REVERE, Mass. — While another school shooting shook a community this week — this one in Roswell, N.M. — Massachusetts is forming a task force to improve school safety.

The 20-member committee will lay out guidelines and best practices by this summer for school districts across the state.

The task force, established by Gov. Deval Patrick through an executive order Thursday morning, is made up of representatives from throughout state and local governments.

They include officials from the departments of education, public safety, and health and human services, and will look at what school districts are already doing in order to issue guidelines — not mandates — to districts around Massachusetts.

“In our commonwealth we range from sophisticated cities to rural villages,” the governor said. “Not all circumstances, and indeed not all resources, are uniform.”

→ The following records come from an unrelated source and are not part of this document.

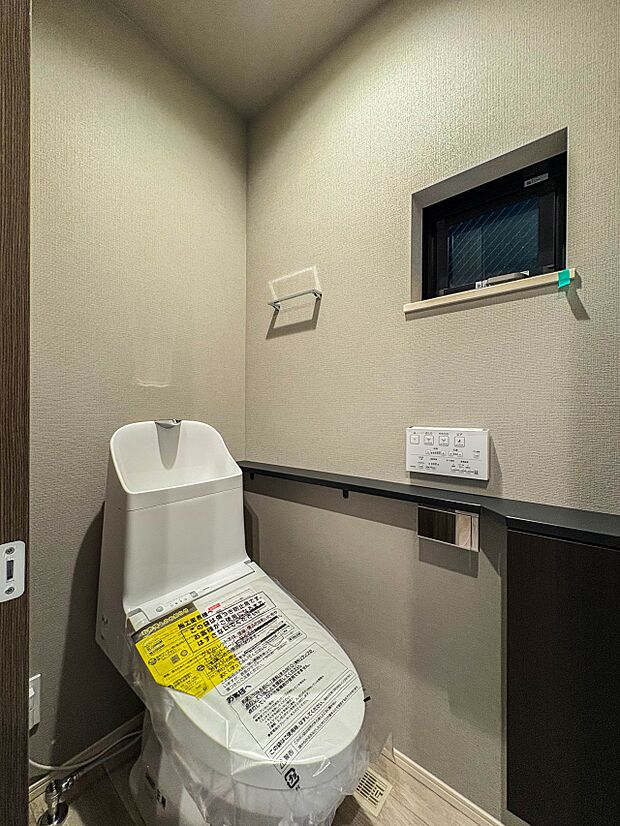 1号棟【トイレ】トイレ・ウォシュレット付。快適で衛生的な洗浄機能付温水シャワートイレです。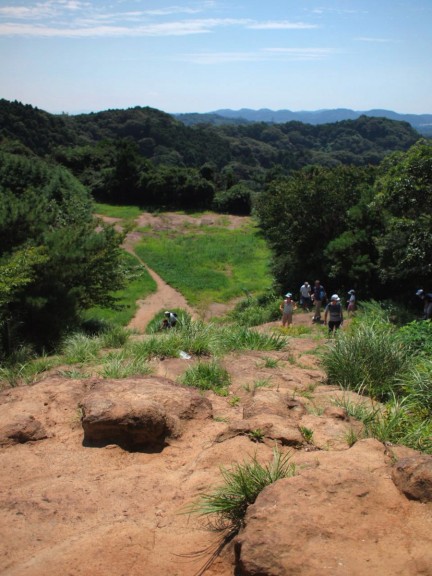 平坦な道に突如として巨大な岩？というか山が現れます。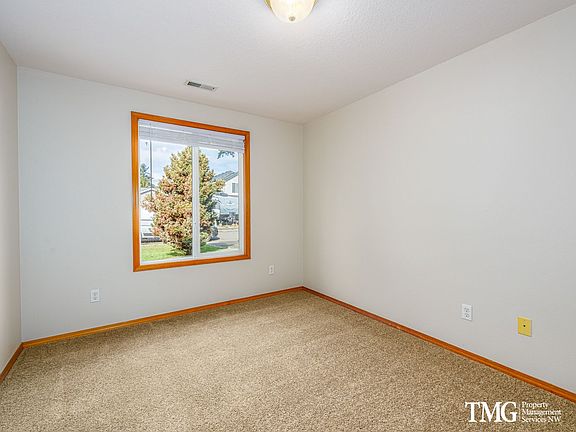 4th image of 15709 NE 93rd St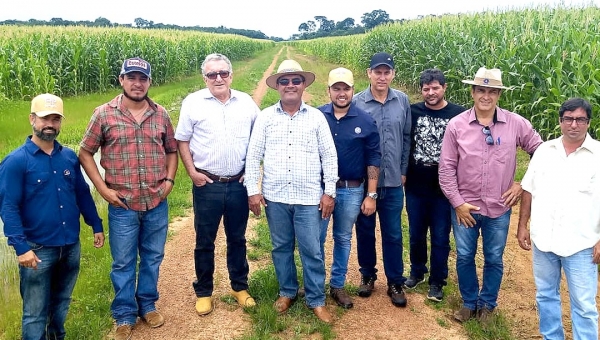 Sepa realiza visita técnica em plantios de soja e milho no interior do Acre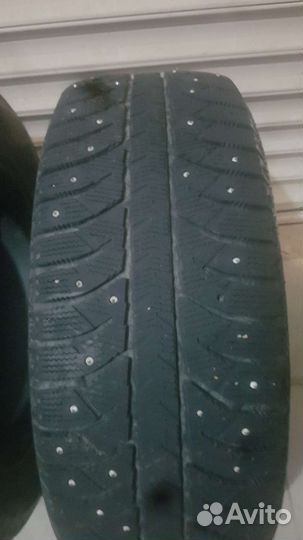Bridgestone Ice Cruiser 7000S 205/60 R16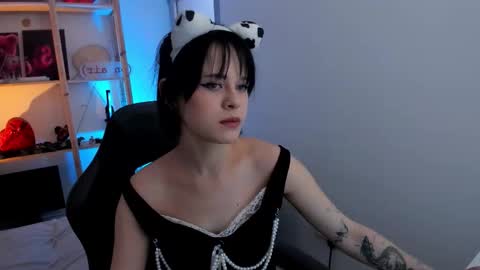 Snapshot of sima_wendy chatting on February 2026 07:23:01 AM Wendy help me get get 69 likes online show from February 2026 07:23:01 AM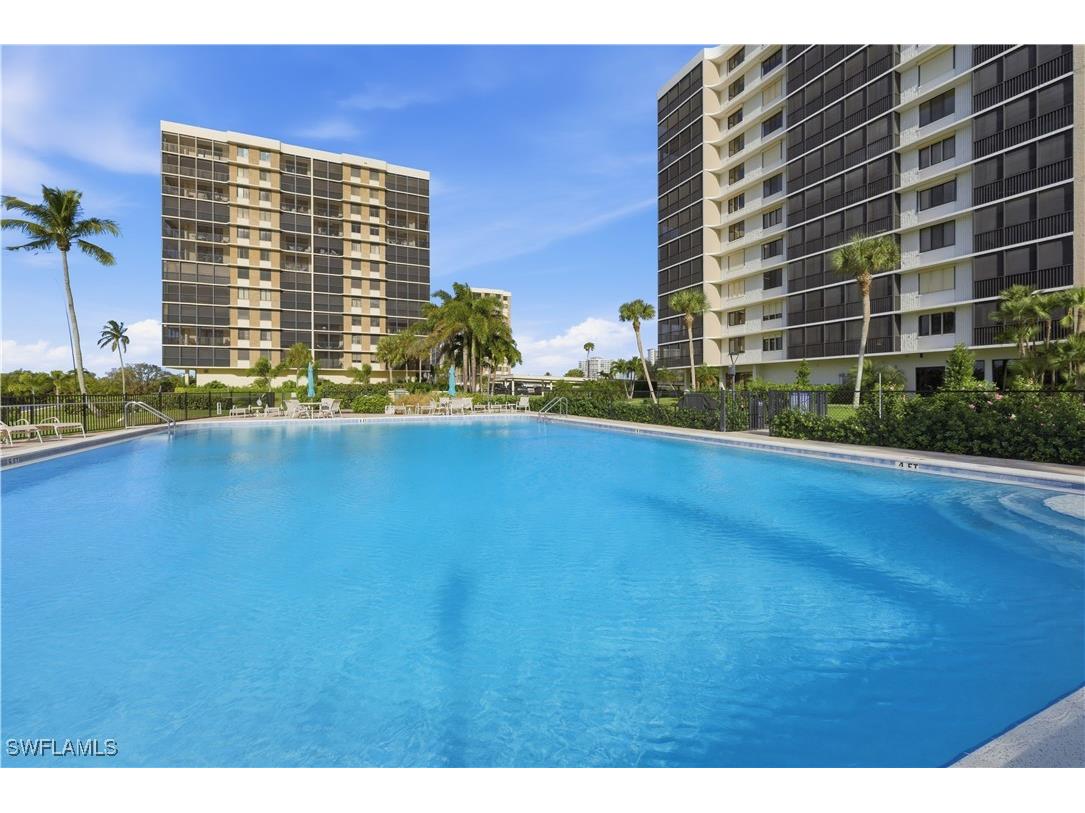 11 Bluebill Avenue #201 Naples FL 34108 225081384 image27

Gov. Deval Patrick signs an executive order creating a school safety task force, in Revere on Thursday. (Jack Lepiarz/WBUR)

Gov. Deval Patrick signs an executive order creating a school safety task force, in Revere on Thursday. (Jack Lepiarz/WBUR)

Patrick made the announcement at Whelan Elementary School here in Revere and then spoke with parents.

They included Debra Digiulio, who asked him if schools should be doing more.

“I just said to him, ‘Listen, you came in today, I came in today, they asked for an ID. Is that enough?’ ” she said.

DiGiulio, who has a son in high school and a daughter in middle school, said she doesn’t want to wait until the summer to see more security.

“The kids are coming in every day, and they’re coming in with backpacks, and I’m afraid of what’s in the backpacks,” she said, calling for metal detectors in all schools. “I think backpacks need to be screened. That’s my major concern.”

Others, like Josh Vadala, the Whelan school’s assistant principal, are not so sure.

“That’s tough,” he said. “It still needs to be a school. It still needs to be a welcoming environment. We’re a school, our primary function is to educate students, but in the forefront of our minds every day is keeping kids safe.”

It’s not clear what funding could go along with this proposal, though education officials have said the state may develop a grant program for schools to implement some security changes.

Patrick said with recent school shootings across the country, Massachusetts residents cannot simply hope it won’t happen here.